### Data excerpt
#####

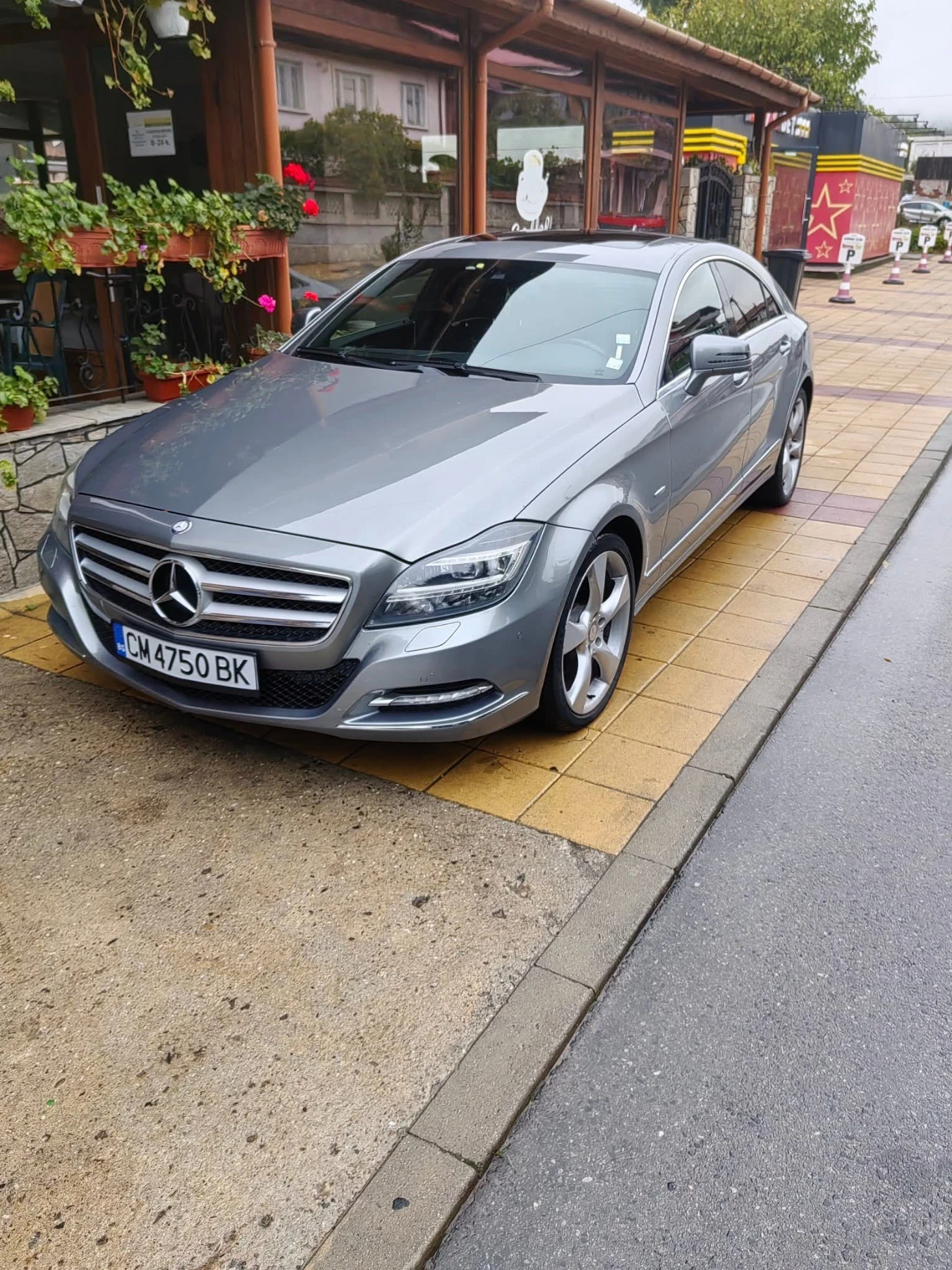 Mercedes-Benz 350, снимка 1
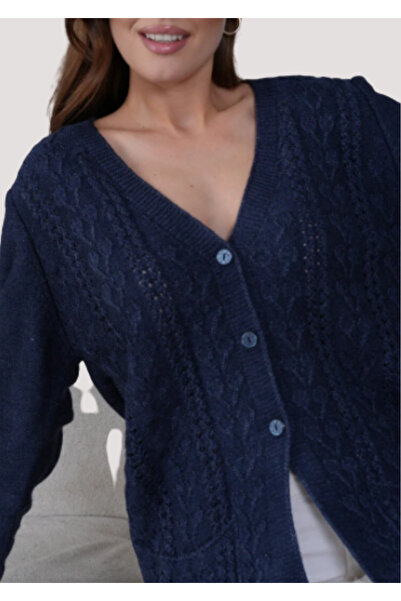 Stilmony Women's Mother Plus Size Chain Flower Motif Button Closure Cardigan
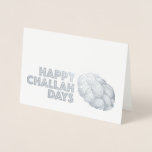 Carte Dorée Joyeux Jours de Challah Pain de Fête Hanoukka Chan<br><div class="desc">La carte de vacances présente une illustration originale d'un délicieux pain de challah tressé, avec HAPPY CHALLAH DAYS en caractères gras. Parfait pour célébrer Hanoukka et d'autres fêtes juives. Ne vois-tu pas ce que tu cherches ? Vous avez besoin d'aide pour la personnalisation ? Cliquez sur "rebeccaheartsny" (en haut à...</div>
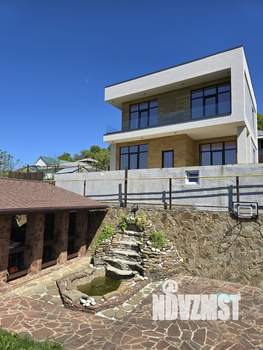 Коттедж 285м², 2-этажный, участок 4 сот.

#####

### What is needed
What you return must match the data above exactly, with no images included.

### Output for this exercise
 Mercedes-Benz 350, снимка 1
 Stilmony Women's Mother Plus Size Chain Flower Motif Button Closure Cardigan
 Carte Dorée Joyeux Jours de Challah Pain de Fête Hanoukka Chan<br><div class="desc">La carte de vacances présente une illustration originale d'un délicieux pain de challah tressé, avec HAPPY CHALLAH DAYS en caractères gras. Parfait pour célébrer Hanoukka et d'autres fêtes juives. Ne vois-tu pas ce que tu cherches ? Vous avez besoin d'aide pour la personnalisation ? Cliquez sur "rebeccaheartsny" (en haut à...</div>
 Коттедж 285м², 2-этажный, участок 4 сот.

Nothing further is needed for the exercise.